1501. This right, like the dealing in contraband, is subject only to one restriction, its conflict with the belligerent's right of self-defence. The right of self-defence does not rest in mere resistance, it extends to the disabling of the antagonist, even by destruction, and, among nations, to the subduing of all the forces and fortresses of the foe. While the belligerent's army is employed in besieging a city, he is entitled to prohibit all access by land; while his fleet is employed in reducing a port, he is entitled to prohibit all access by the water; while besieging the port by land, and blockading it by sea, he is entitled to prohibit access in either direction: but these are the limits of his belligerent rights. He has no right to prohibit the entrance of neutral commerce into any port which he is not endeavouring to master by a sea-siege. A lawful blockade is not for the purpose of shutting out commerce, but of capturing the town; when directed to its legitimate object, it may incidentally exclude every ship, from the pleasure-boat and fishing

craft to the neutral man-of-war. The exclusion of shipping and their cargoes is the incident, and not the lawful purpose of blockade. As well might he cover the sea with his cruisers, or stop all the narrow inlets of trade. He cannot challenge the innocent cargo on the ocean, he cannot seize it in the strait; can he entitle himself to seize it by gathering his cruisers in the offing, and proclaiming a blockade? They are still only cruisers; they are not engaged in the military operation of a siege; they are entitled only to intercept, in that as in any other station, contraband of war. Before a blockade is effective to exclude commerce, we must inquire whether it is directed against, and effective to endanger, the port. See Westlake. And see Macqueen.

1502. The evil example set by the English Orders in Council, and the Berlin and Milan decrees of Napoleon (1805-1807), and the extravagant pretensions of belligerents asserted in the war of desperation during which they were issued (Spes and Irene), have left erroneous impressions as to the legitimate objects and purposes of blockade. The blockade of the Confederate ports, to which the European Powers, bound, as they imagine, by their own bad precedents, have so ignominiously submitted, was founded not on the siege of the forts or fortresses, but on the incapacity of the Washington Government to collect the customs there.

1503. It is at least established by the declaration of Paris that "blockades, in order to be binding, must be effective."

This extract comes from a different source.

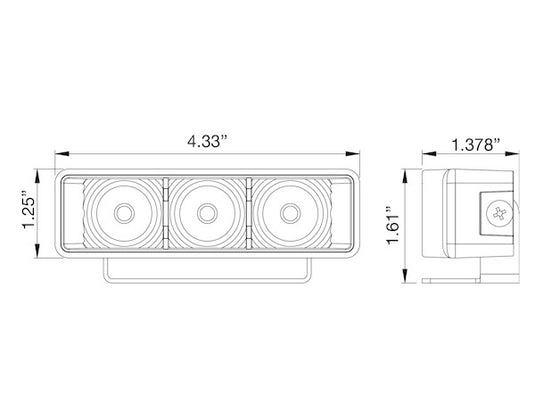 4.375 Inch Clear Rectangular Projector Light With 3 LED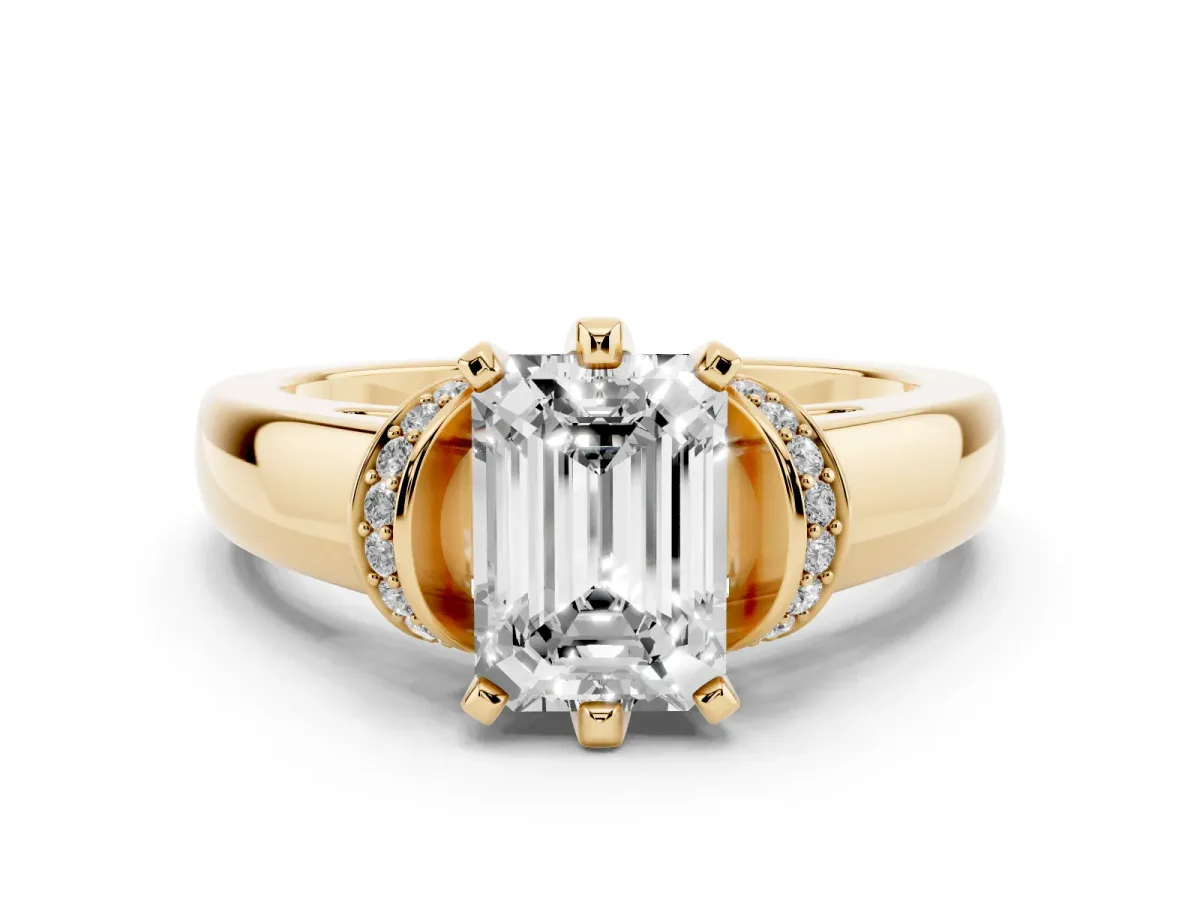 Emerald Cut Diamond Pavé Band Solitaire Ring Set in Yellow gold with Prong Setting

1504. Assuming that this does not require that the blockade be efficient to endanger the place, it must nevertheless be constantly efficient to exclude ingress and egress of ships. It cannot be constituted except by the continued presence of a naval force, sufficient to prevent communication without evident danger of capture. (Frederick Molke. Arthur.) It is a matter of fact (Betsy); unless it exist in sufficient vigour, it is not instituted by proclamation.